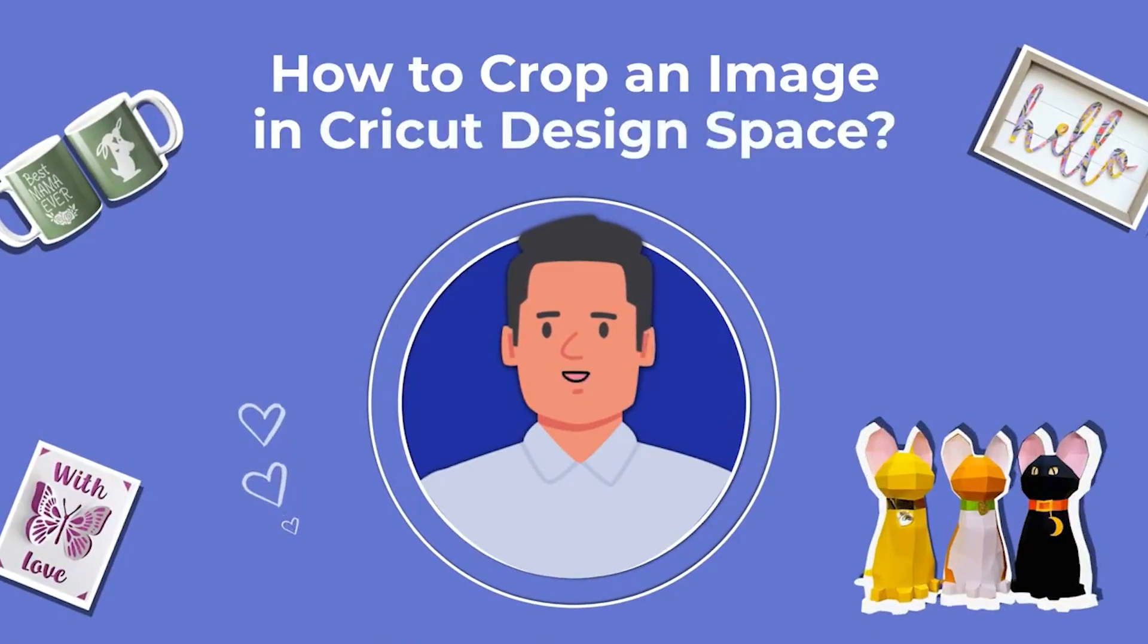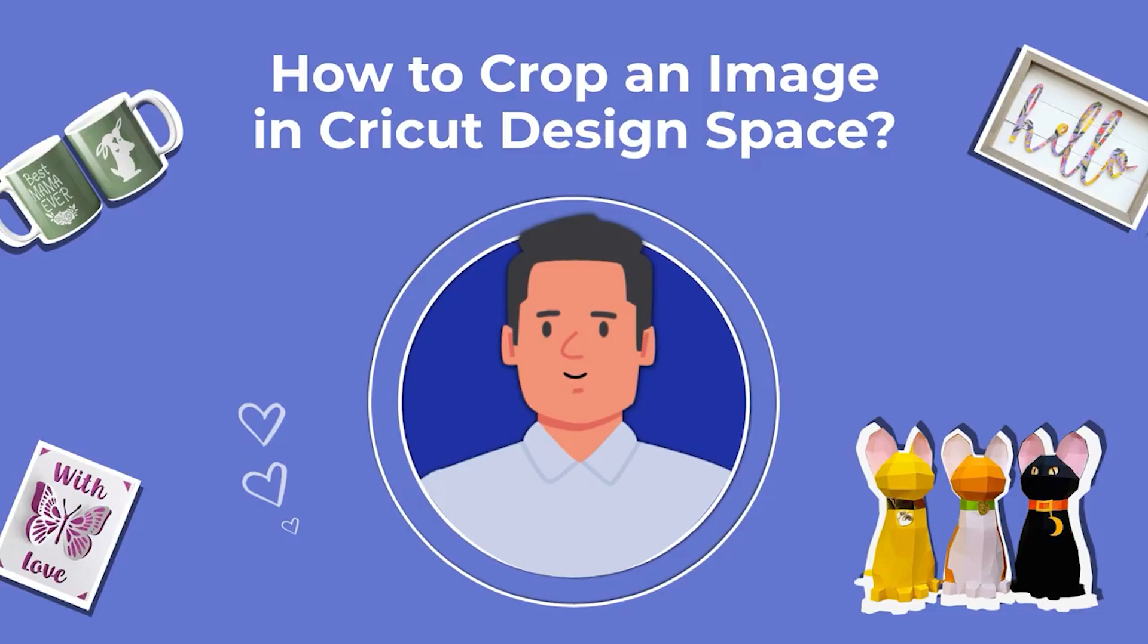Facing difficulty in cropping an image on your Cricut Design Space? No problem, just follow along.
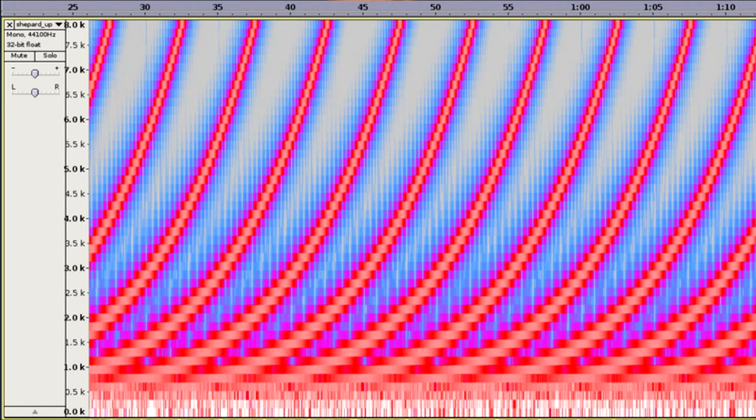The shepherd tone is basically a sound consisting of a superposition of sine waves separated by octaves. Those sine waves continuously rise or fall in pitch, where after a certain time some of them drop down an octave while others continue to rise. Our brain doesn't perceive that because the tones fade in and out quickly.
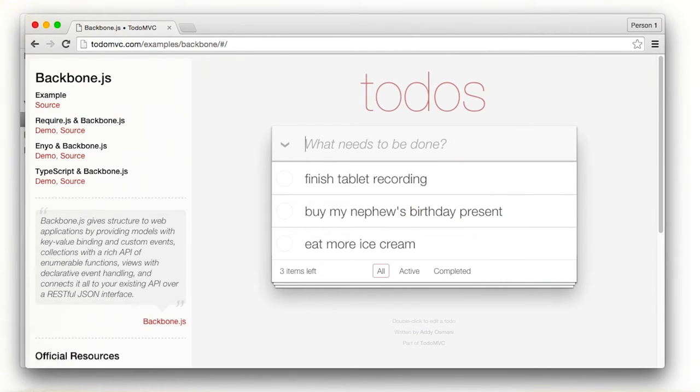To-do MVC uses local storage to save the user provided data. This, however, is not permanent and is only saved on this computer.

(Exercise aim)
Once the pictures are removed, copy the listing exactly.

(Response for this exercise)
Facing difficulty in cropping an image on your Cricut Design Space? No problem, just follow along.
The shepherd tone is basically a sound consisting of a superposition of sine waves separated by octaves. Those sine waves continuously rise or fall in pitch, where after a certain time some of them drop down an octave while others continue to rise. Our brain doesn't perceive that because the tones fade in and out quickly.
To-do MVC uses local storage to save the user provided data. This, however, is not permanent and is only saved on this computer.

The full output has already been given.